You’re Not as Weird as You Think You Are

Young white woman wearing a blue wig, fuzzy sunglasses, a black shiny tank top, and chunky pink jewelry is holder her head and sticking out her tongue.

You're Not as Weird as You Think You Are

Do you ever feel like a space alien? Not like a literal beamed-down, take-me-to-your-leader type. I’m just curious if you’ve ever felt like you’re different from most of the people walking the earth—like some weirdo that got plucked from one storybook and dropped in the middle of another.

I was reminded of this feeling the other day as I was driving in my car and Elton John’s “Rocket Man” came on the radio. I remember listening to that song on loop (though I can’t remember if I had to rewind my cassette tape or just hit the back button on my Discman) when I returned from my year abroad in Bolivia. I was sixteen years old and strongly identified with that song more than the people my age who surrounded me. I just felt weird.

Space ship with a rainbow beam of light.

Congratulations, You’re a Weirdo.

Sir Elton and I have always had a kinship, though I doubt he’s acknowledged it yet. Many years after completing the Rocket Man musical spin-cycle in my brain, I realized that I was gay and going to have to actually recognize and live that piece of my life if I wanted to keep going on this planet. At the time I was in a nearly perfect relationship-turned-marriage of almost two decades. I felt like an alien again wondering “who the heck doesn’t realize they’re gay and end up marrying someone of the opposite sex?!” My answer was, of course, Elton John. Even in the age of the internet where I could have easily searched for and found multiple people in my same position, he was the only person I could think of who had been through what I had been through—he was in a heterosexual marriage, divorced, and then became one of the most securely queer icons of our time. Samesies.

Like the Wurlitzer jukeboxes from my hometown, my brain would pull out the record of Rocket Man and play it while I contemplated how I got to this point in my life and why things always had to be so damn weird. Why did I always have to be so damn weird? My mantra at that point of coming out (which I mention in my book) became, “Even Elton John married a woman. Even Elton John married a woman.” It brought me comfort knowing that I had found another alien on earth.

Shirtless bald man sitting in the corner of a room with a rainbow light cast across his face and arms.

Where Vulnerability Comes In

In a recent blog titled, Three Ways to Overcome Your Vulnerability Hangover I lamented about the big emotions and physical feelings that come with sharing vulnerable pieces of ourselves over and over again. But what the blog doesn’t mention is why I love vulnerability so much and will continue to be vulnerable for the rest of my days (or until my alien family reclaims me).

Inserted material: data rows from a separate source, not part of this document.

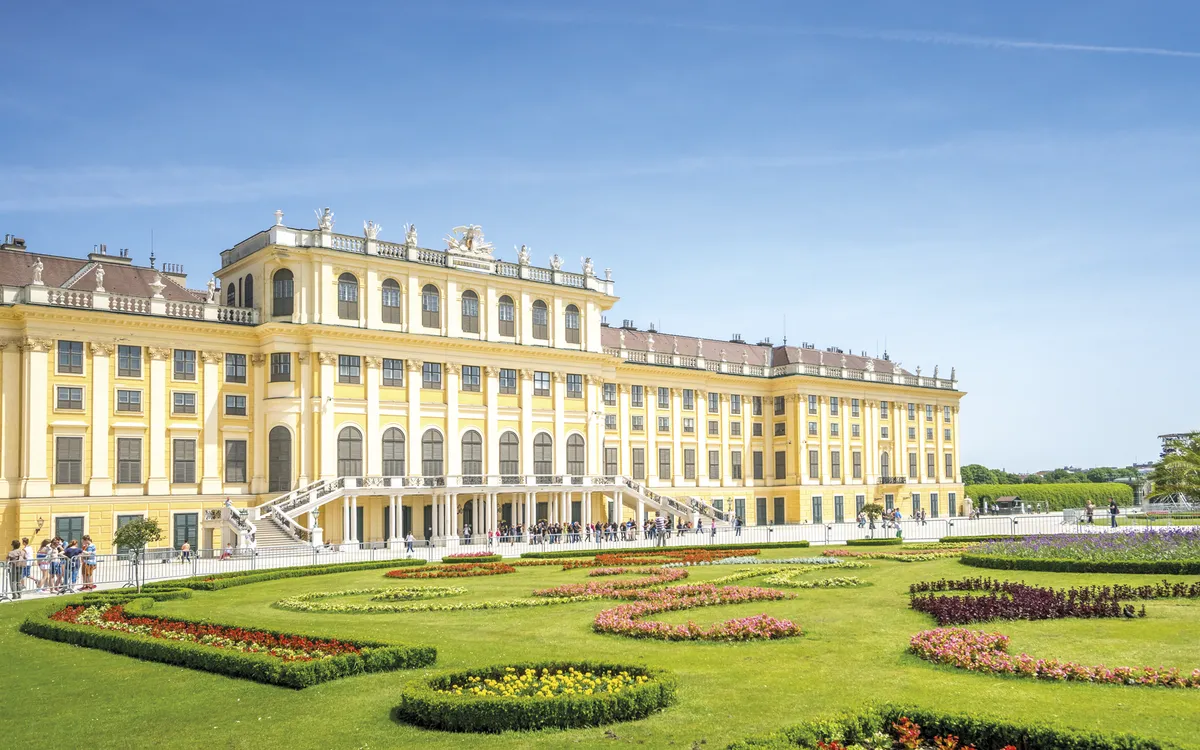 Schloss Schönbrunn in Wien bei Tageslicht mit blauem Himmel und Schlosspark.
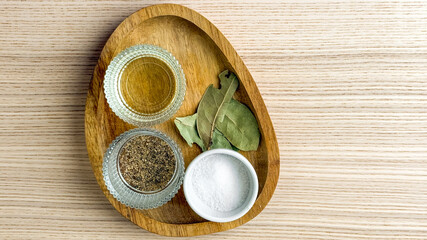 Herbs and condiments on wooden platter, culinary spices for gourmet cooking, seasoning mix, kitchen essentials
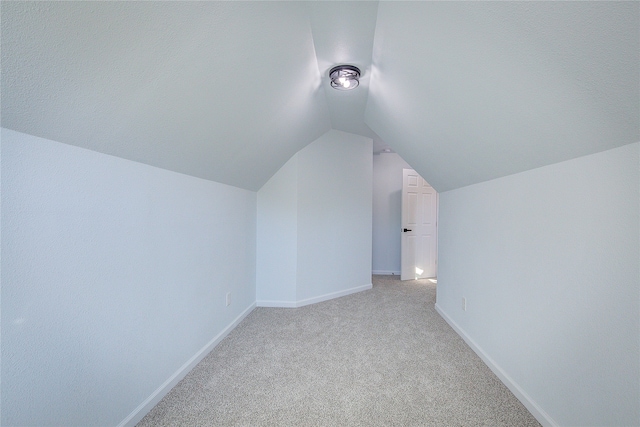 bonus room with vaulted ceiling and light carpet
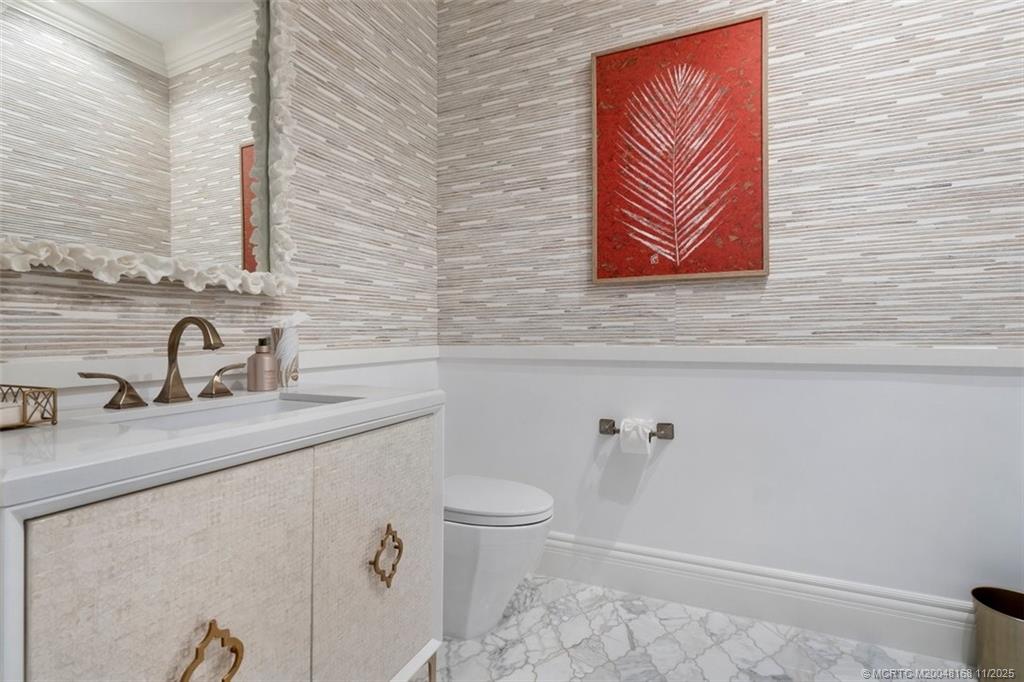 1904 Southeast Sailfish Point Boulevard Stuart, FL 34996 - Photo 19 of 64 a bathroom with a sink a toilet and mirror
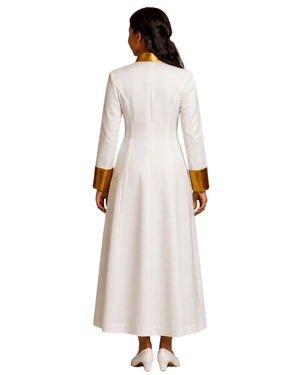 A woman viewed from the back wearing a long white cassock with metallic gold trim at the collar and cuffs, against a plain white background.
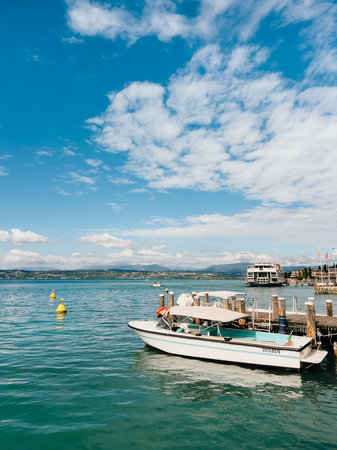 Scenic view of motorboat moored at wooden pier on Lake Garda, Italy, with mountains and blue sky in background, creating peaceful and idyllic summer scene.の写真素材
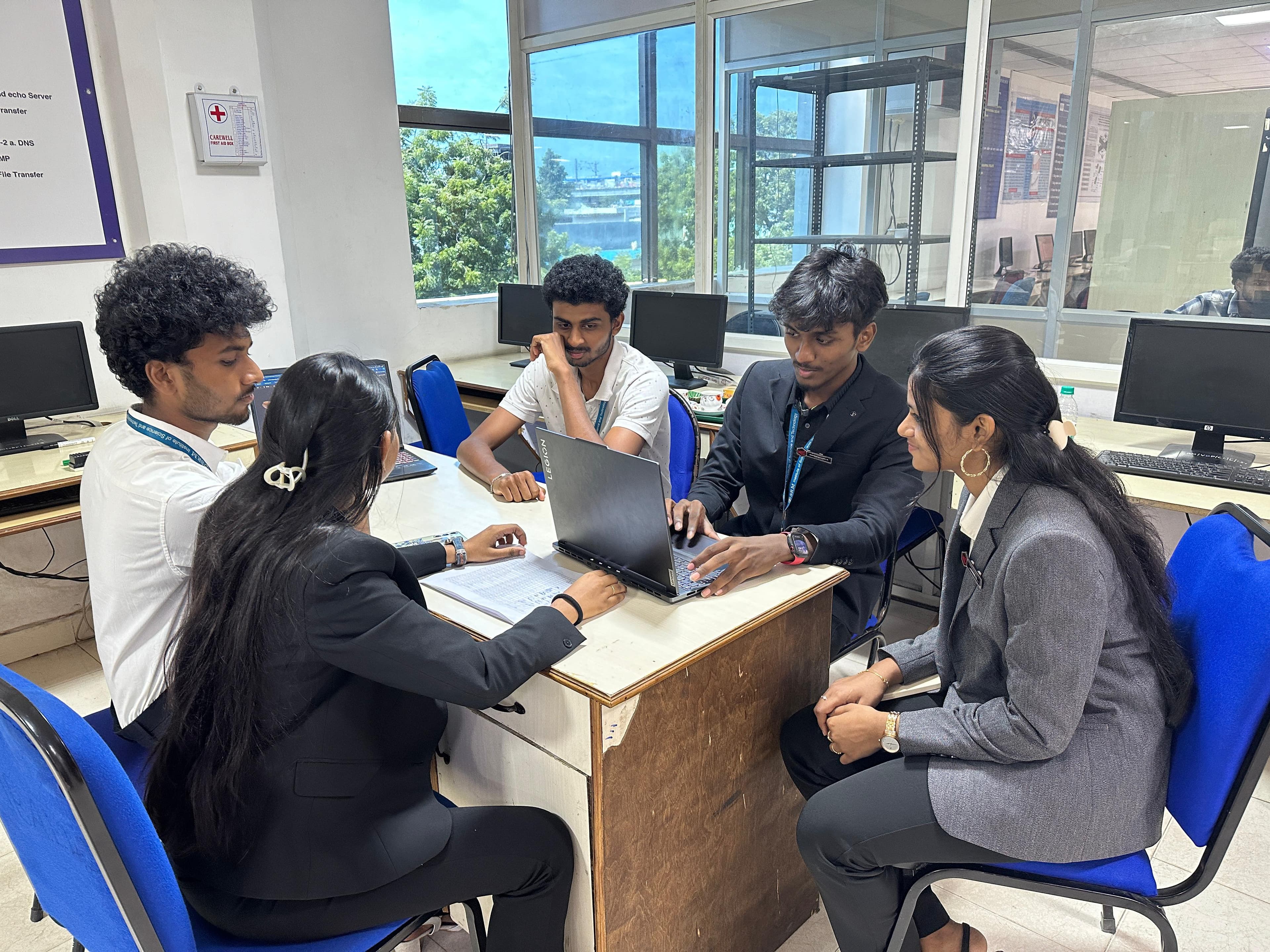 Five students around a lab desk with a laptop open between them and a notebook laid out beside it, working through something together.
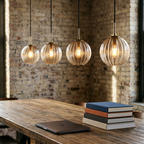 Hand-Blown Colored Glass Pendant Lights, ribbed globe shades over a coworking table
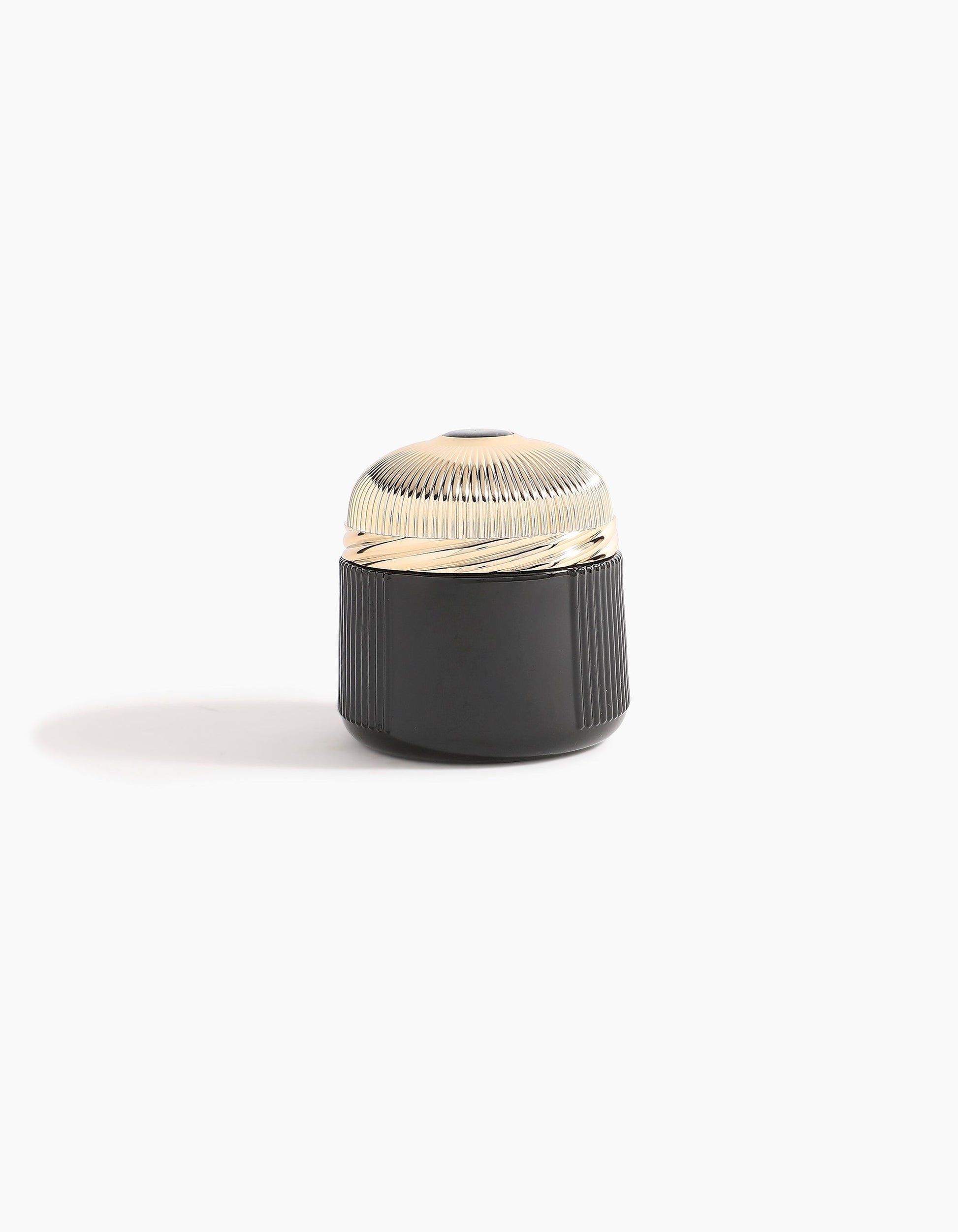 A small, round container with a ribbed, shiny gold lid and a black, textured base—echoing Agarwood luxury—Sheikh A Oud Mubakhar by Hind Al Oud rests on a plain white background with a soft shadow to the left.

The aforementioned feelings of aloneness would have stayed that way had it not been for the gift of vulnerability. I quickly realized that every time my heart cracked open a bit wider and I felt okay to share another piece of myself, I was met with others who said, “Hey weirdy, me too!” or “I thought I was the only one who felt that way.” And when there were things that I was initially too scared to share, there were others out there already flying their flag for the rest of us to find them. While still in the minority, I realized that the story my mind had always tried to tell me, the story that said I didn’t fit in here, wasn’t actually true.

God loves everyone allies and lgbtq

Stepping Out of a Metaphorical Closet

We all have some sort of metaphorical closet that we hide in. Dark spaces are not just reserved for the queer community. Whether it’s your obsession with stepping on pinecones to feel them crunch, the fact that you love putting peanut butter and jelly on your Brussel sprouts, or your strong emotions toward the amount of dust that must collect on Muppets, we all have a thing that may make us feel like we’re the only one.

For most of these things, we’re usually okay with feeling like the only one. Even still, when we find that person online or (gasp!) in real life who feels the same way, there is a certain level of comfort and happiness that comes with it. It’s as if Gotham threw up the bat signal and a few Batmans… Batmen... Batpeople… all showed up and realized that it wasn’t just on them to save the city alone. Finding others who have a shared experience just feels good. It feels safer. It’s that primal feeling of belonging that we all need.

Jillian Abby, wearing a white tank top and black pants, sitting awkwardly in a settee

Why I Shared My Story

I’m not an alien. I’m not a rocket man. And Elton John is not my long-lost life twin. But I’ve found through connecting with others through this blog, TikTok, my podcast, and now my book, that I am also not unique in many of my life experiences. Those feelings of aloneness are gone and replaced with a supportive community. And the fears of sharing my experience, while still scary and tiring, are almost always worth it.

There is such value in sharing our stories and in listening to the stories of others. What I love most, though, is reading a story from someone who seems very unlike me and finding a common thread between us. There is a richness in offering diversity in books, both for children and adults. If we can’t find ourselves in a story, we can usually at least find empathy. But when we DO find ourselves, it is so comforting to know that we are not the only one. We are not alone on this Earth.

And then we can end our lonely quest of trying to figure out what planet we’re from.